■ **WHAT YOU WILL DO**
The response should consist of every line below, restated exactly, with no pictures.

■ **PROVIDED INFORMATION**
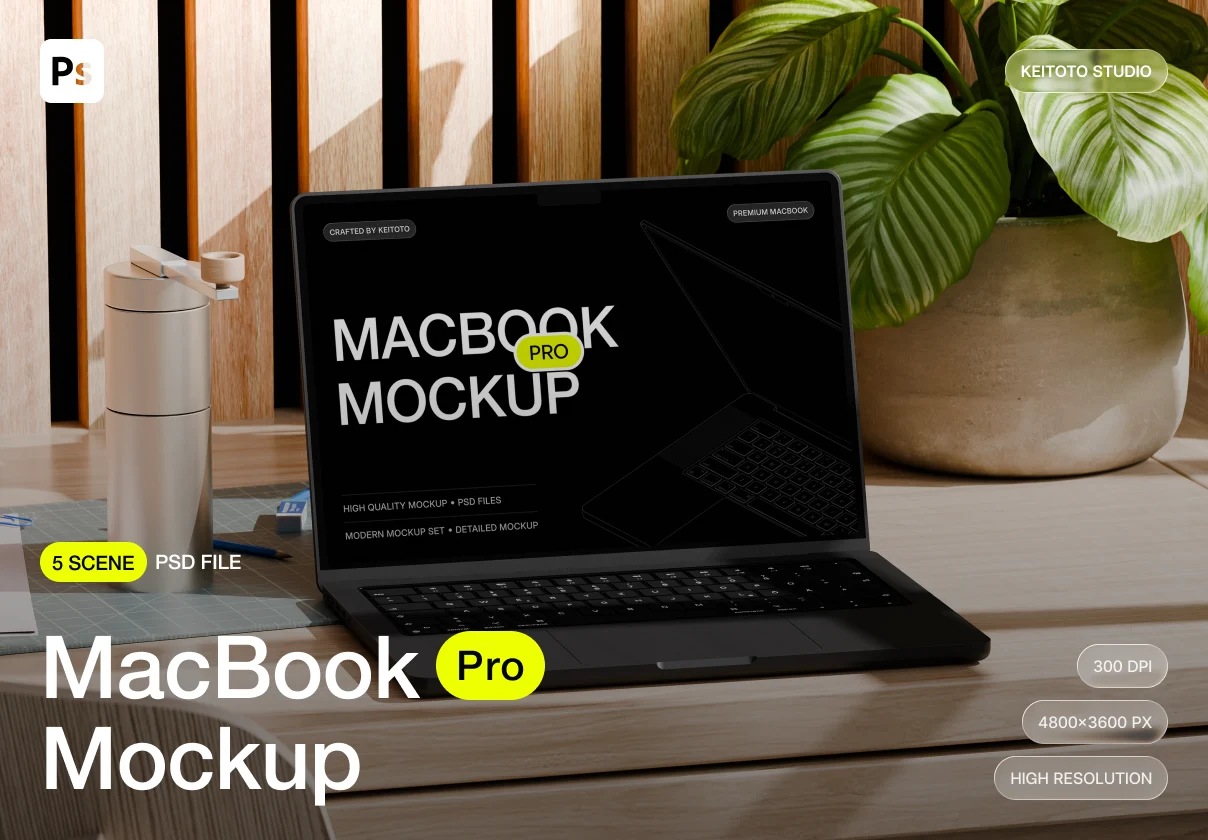 MacBook Pro Lifestyle Studio Mockup Set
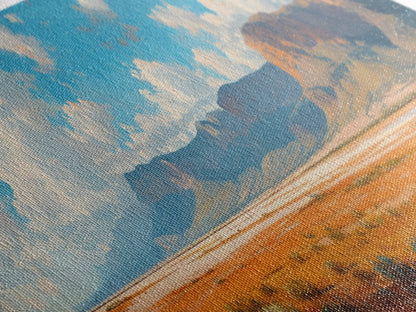 Panoramic Landscape Print Of an Arizona Desert Landscape, Framed Canvas, Rustic Farmhouse Decor, Nature Print, Minimalist Landscape Painting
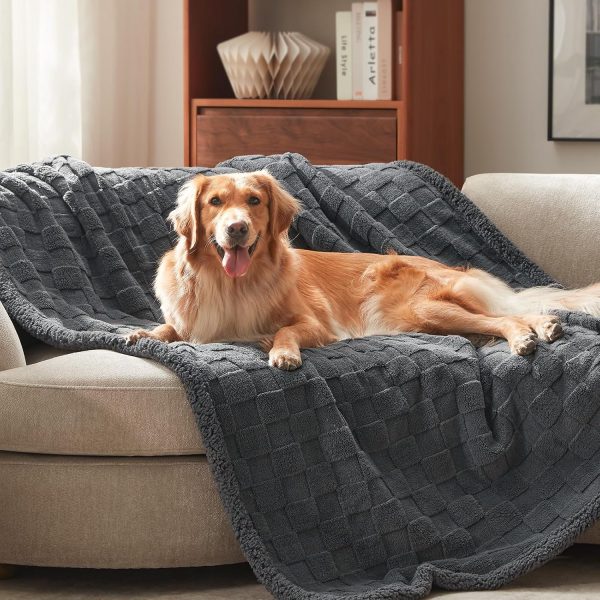 Waterproof Fleece Pet Blanket, Soft Furniture Protector for Dogs & Cats, Reversible Washable Throw, 40x50", Grey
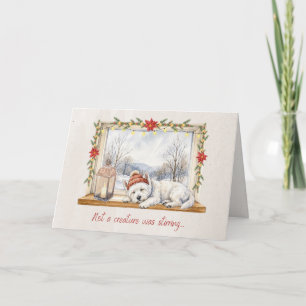 Tarjeta de Navidad de Westie de Invierno en Ventan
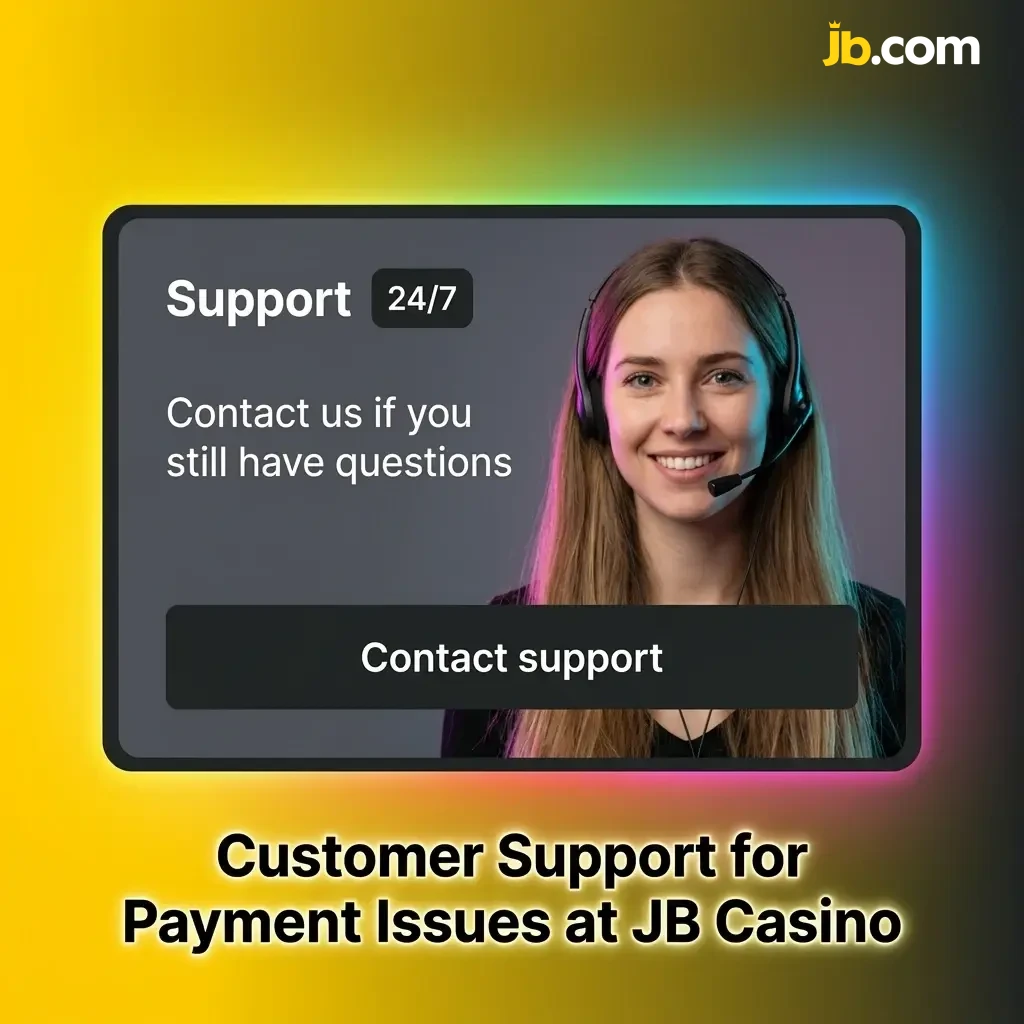 JB Casino customer support options for payment issues including live chat, email, and FAQ help centre available 24/7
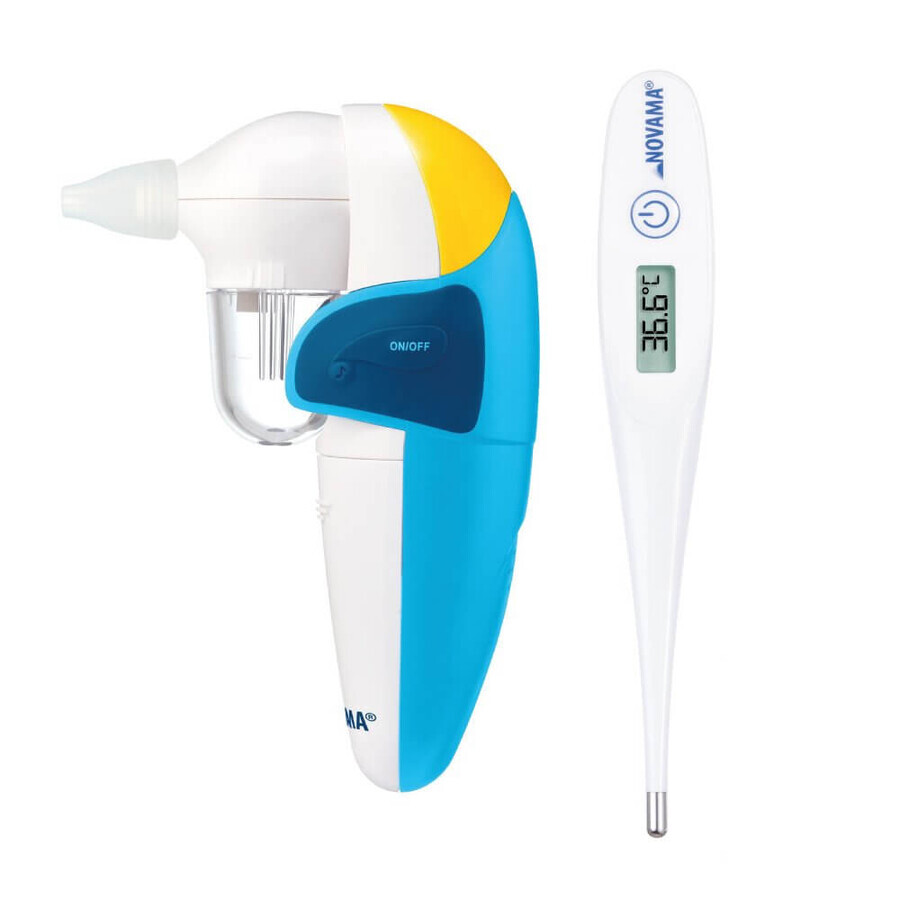 Novama Kids Pingo kit, aspirateur nasal électrique avec mélodies + Flexo, thermomètre électronique avec embout flexible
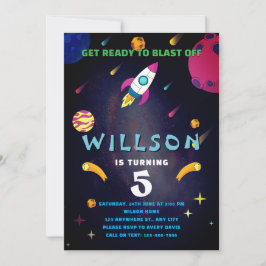 Convite Blast Off Space Birday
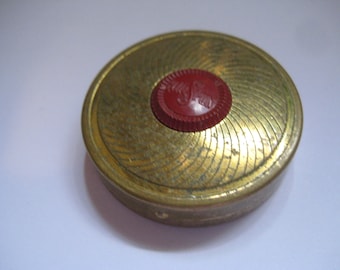 COTY NY Sub Deb Air Spun Rouge Bright in Brass Compact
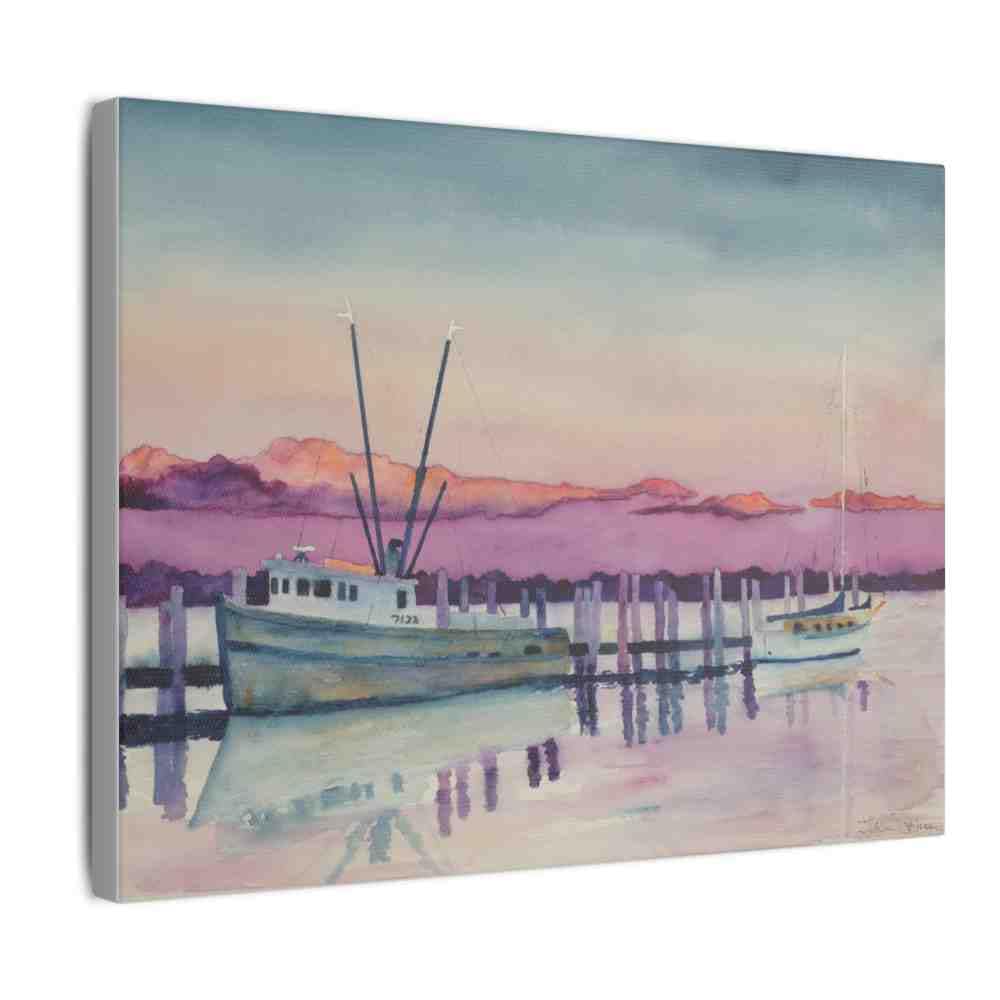 Jeb's "Shrimp Boat Resting" Stretched Matte Canvas (0.75") - Image 2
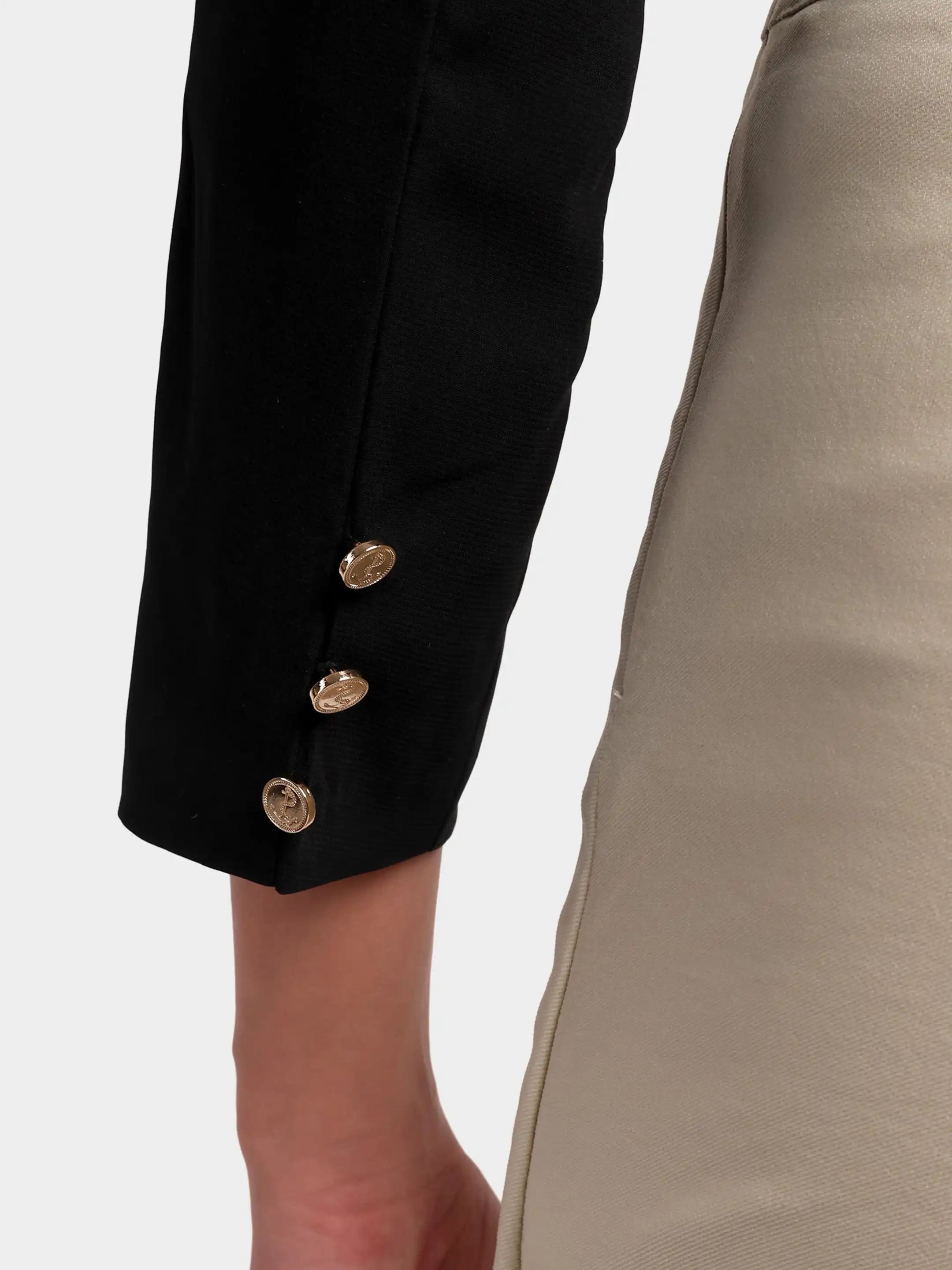 Detailed Crop Blazer - Black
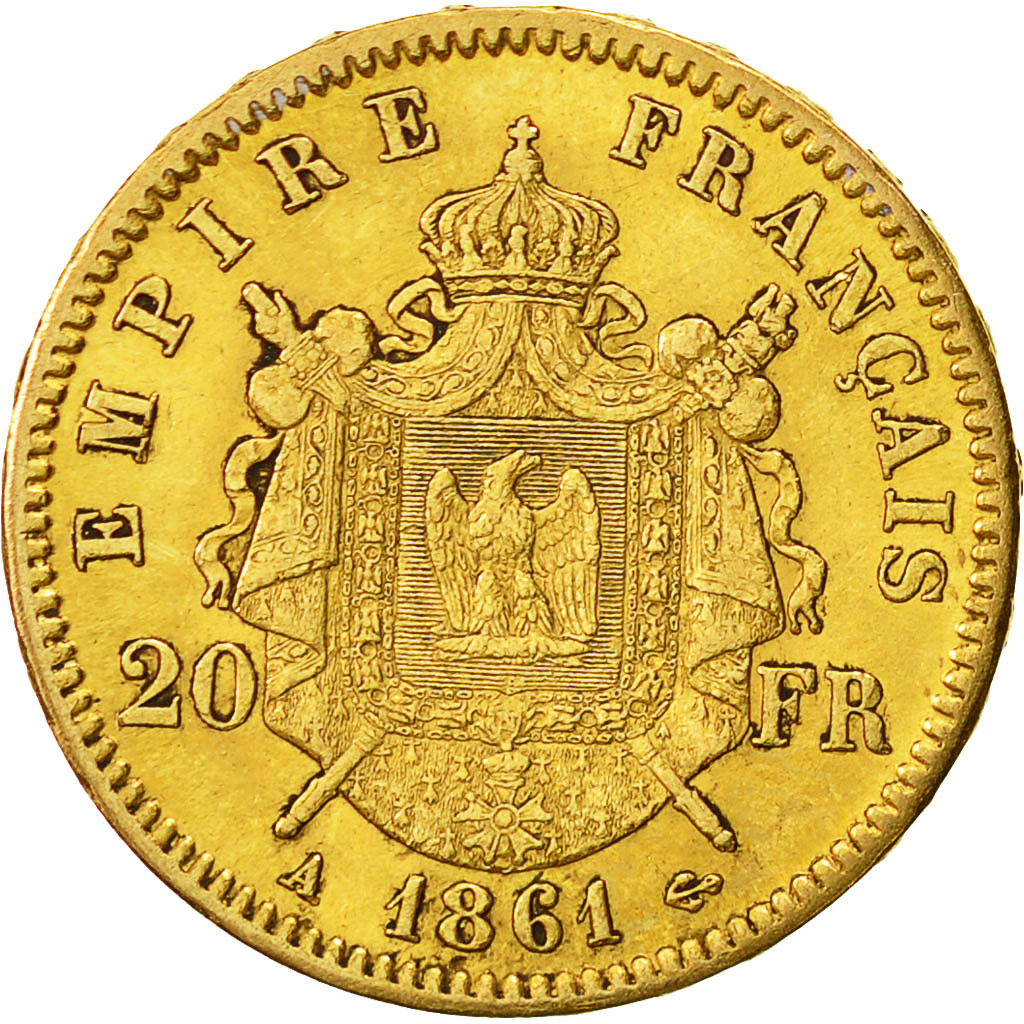 France, Napoleon III, 20 Francs, 1861, Paris, TTB, Or, KM:801.1, Gad 1062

■ **RESULT FOR THIS EXERCISE**
 MacBook Pro Lifestyle Studio Mockup Set
 Panoramic Landscape Print Of an Arizona Desert Landscape, Framed Canvas, Rustic Farmhouse Decor, Nature Print, Minimalist Landscape Painting
 Waterproof Fleece Pet Blanket, Soft Furniture Protector for Dogs & Cats, Reversible Washable Throw, 40x50", Grey
 Tarjeta de Navidad de Westie de Invierno en Ventan
 JB Casino customer support options for payment issues including live chat, email, and FAQ help centre available 24/7
 Novama Kids Pingo kit, aspirateur nasal électrique avec mélodies + Flexo, thermomètre électronique avec embout flexible
 Convite Blast Off Space Birday
 COTY NY Sub Deb Air Spun Rouge Bright in Brass Compact
 Jeb's "Shrimp Boat Resting" Stretched Matte Canvas (0.75") - Image 2
 Detailed Crop Blazer - Black
 France, Napoleon III, 20 Francs, 1861, Paris, TTB, Or, KM:801.1, Gad 1062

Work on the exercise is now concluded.